Chinese state-owned automaker Changan Automobile has entered the humanoid robotics sector, following U.S. competitor Tesla. In a filing on Friday, the Shenzhen-listed automaker revealed plans to invest ¥225 million to acquire a 50% share in Changan Tianshu Intelligent Robotics Technology.
The company revealed at the Guangzhou auto show last month that it will begin rolling out prototypes of its own humanoid robots starting next year. It also aims to introduce its first in-car robot in the first quarter of the coming year.
The automaker’s initiative reflects a wider shift among Chinese automakers, including BYD, Xpeng, and Xiaomi, who are extensively exploring the robotics sector to complement their core operations.

Changan Tianshu is a part of Changan Automobile’s strategy to tap into the robotics industry. The subsidiary will be powered by intelligent humanoid robot technology and is intended to develop multiple sectors of the robotics industry and to create mutual empowerment between smart vehicles and robotic systems.
Chinese automakers’ rapid push into robotics comes as Beijing raises concerns about a potential bubble in the sector. On Thursday, Li Chao, spokesperson for the National Development and Reform Commission, China’s chief economic planning body, warned that the industry is still not fully developed.

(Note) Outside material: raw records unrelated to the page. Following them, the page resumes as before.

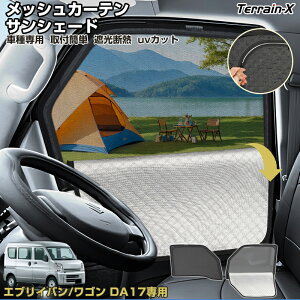 _Ԍ P5{5%OFFN[|^uԎp 2in1vGuC o S DA17 TVF[h bVJ[e  ԗp TVF[h tgTCh UVJbg  Ռ 悯 J[ VF[h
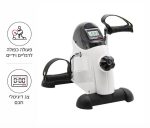 אופני כושר מיני בייק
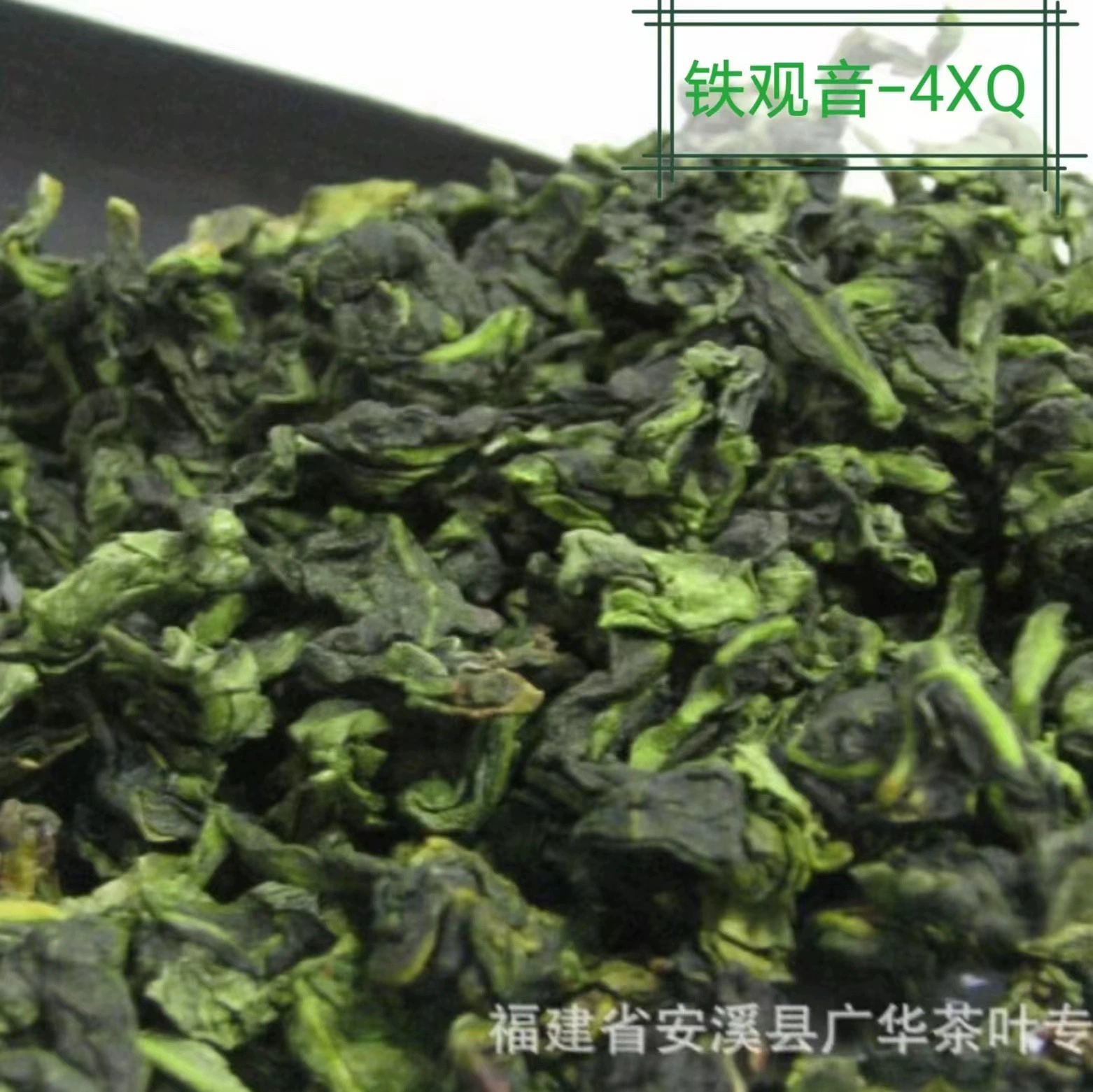 Китайский чай, горный улун чай, ароматный чай Tieguanyin, ароматный рассыпной чай, орхидея, оптом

Li noted that China now has more than 150 humanoid robot companies, with over half being start-ups or firms entering from other industries. He stressed the need to prevent the risk of the market being saturated with highly repetitive products.
Xpeng—one of China’s leading premium EV manufacturers—recently introduced the second-generation Iron humanoid robot, describing it as humanlike and targeting mass production next year.
Meanwhile, Xiaomi founder and CEO Lei Jun has emphasized the promise of humanoid robots, predicting they would be ‘widely deployed’ across the company’s factories within the next five years.